***** GIVEN MATERIAL

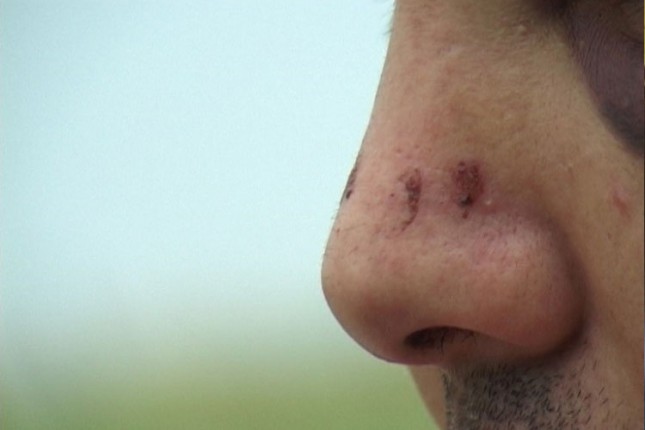 Pretučen i opljačan mladić na Radijalcu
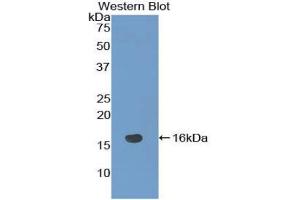 Western blot analysis of the recombinant protein. (NRARP Antikörper  (AA 3-109))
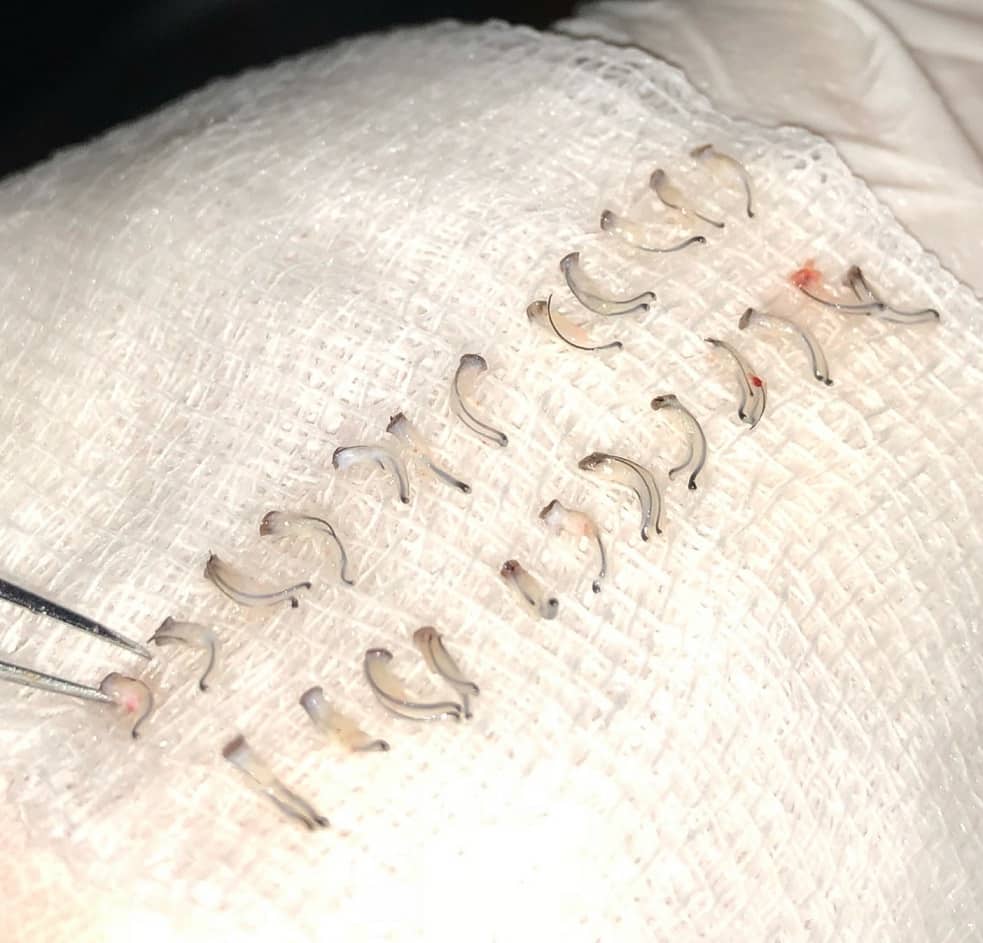 זקיקים מרובי שיער על מטלית במרפאה של השתלת שיער בטורקיה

**********

▶ YOUR GOAL:
With the pictures removed, write the listing out word for word.

▶ RESULT FOR THIS TASK:
 Pretučen i opljačan mladić na Radijalcu
 Western blot analysis of the recombinant protein. (NRARP Antikörper  (AA 3-109))
 זקיקים מרובי שיער על מטלית במרפאה של השתלת שיער בטורקיה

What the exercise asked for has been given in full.